Morgan Stanley ha recentemente segnalato un potenziale grattacapo per il settore delle bevande. La logica è semplice. Se guidi un veicolo elettrico, interrompi il rifornimento alle stazioni di servizio. Ti colleghi a casa o a un caricabatterie pubblico. Poiché gran parte delle vendite di bevande negli Stati Uniti avviene proprio lì, alla pompa, l’industria si trova ad affrontare una contrazione della base di clienti.
Perché gli snack alle stazioni di servizio sono più importanti di quanto pensi
Non si tratta solo di una bibita occasionale. Si tratta di acquisti impulsivi ad alto margine. Per i minimarket, le bevande e gli snack spesso generano più profitti per metro quadrato rispetto alla benzina stessa. Quando il carburante smette di fluire, lo stesso fanno i componenti aggiuntivi ad alto margine.
Morgan Stanley si è concentrata su Monster Beverage per illustrare il rischio. Negli Stati Uniti, il 63% dei ricavi dell’azienda proviene da stazioni di servizio e negozi di alimentari. Si tratta di un’esposizione significativa. Se il passaggio ai veicoli elettrici dovesse accelerare più rapidamente del previsto, questi specifici canali di vendita potrebbero prosciugarsi.
“La fine del motore a combustione interna rappresenta una minaccia diretta per i canali di distribuzione che attualmente costituiscono la spina dorsale del consumo di bevande.” – Parafrasato dall’analisi di Morgan Stanley
La minaccia è immediata?
No. Niente panico. La transizione ai veicoli elettrici è un processo lento. Ci vorranno decenni prima che i veicoli elettrici sostituiscano completamente i consumi di gas sulle strade americane. Le stazioni di servizio hanno tempo. Non svaniranno da un giorno all’altro.

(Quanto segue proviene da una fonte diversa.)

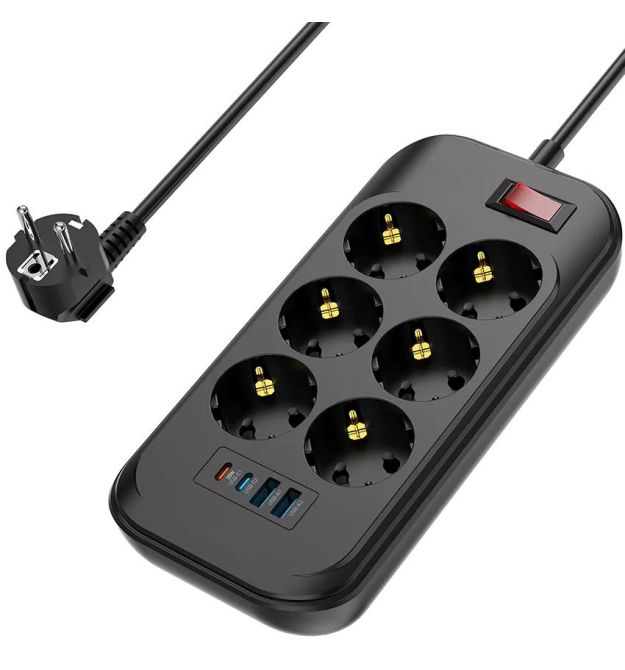 Сетевой фильтр СolorWay CW-CHE64PDB 6 розеток/4USB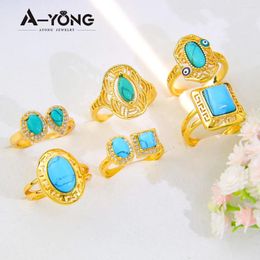 Cluster Rings AYONG Turquoise Gold Colour Wedding 18k Copper Plated Vintage Jewellery Ethiopian Dubai Middle East Womens Party Gifts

In effetti, molti si stanno già orientando. Installare stazioni di ricarica sta diventando una pratica standard. Questo cambia completamente la dinamica. Quando riempi un serbatoio di gas, ci vogliono tre minuti. Quando carichi una batteria, aspetti dai venti ai quarantacinque minuti. Quel tempo di attesa è un elemento fondamentale per i rivenditori.
Gli acquirenti che prima prendevano una barretta di cioccolato e se ne andavano ora siedono nelle loro auto, caricando. Hanno bisogno di bere. Hanno bisogno di uno spuntino. Il tempo di permanenza aumenta, il che potrebbe effettivamente aumentare la spesa per cliente. La location si trasforma da sosta veloce a sala d’attesa con distributori automatici.
Quindi, la tecnologia dei veicoli elettrici sta uccidendo l’industria delle bevande? Probabilmente no. Sta costringendo a spostare il luogo in cui vengono guadagnati i soldi. La pompa sta scomparendo, ma non lo è la necessità di una dose di caffeina in attesa della carica dell’80%. L’industria deve solo adattarsi al nuovo ritmo di guida.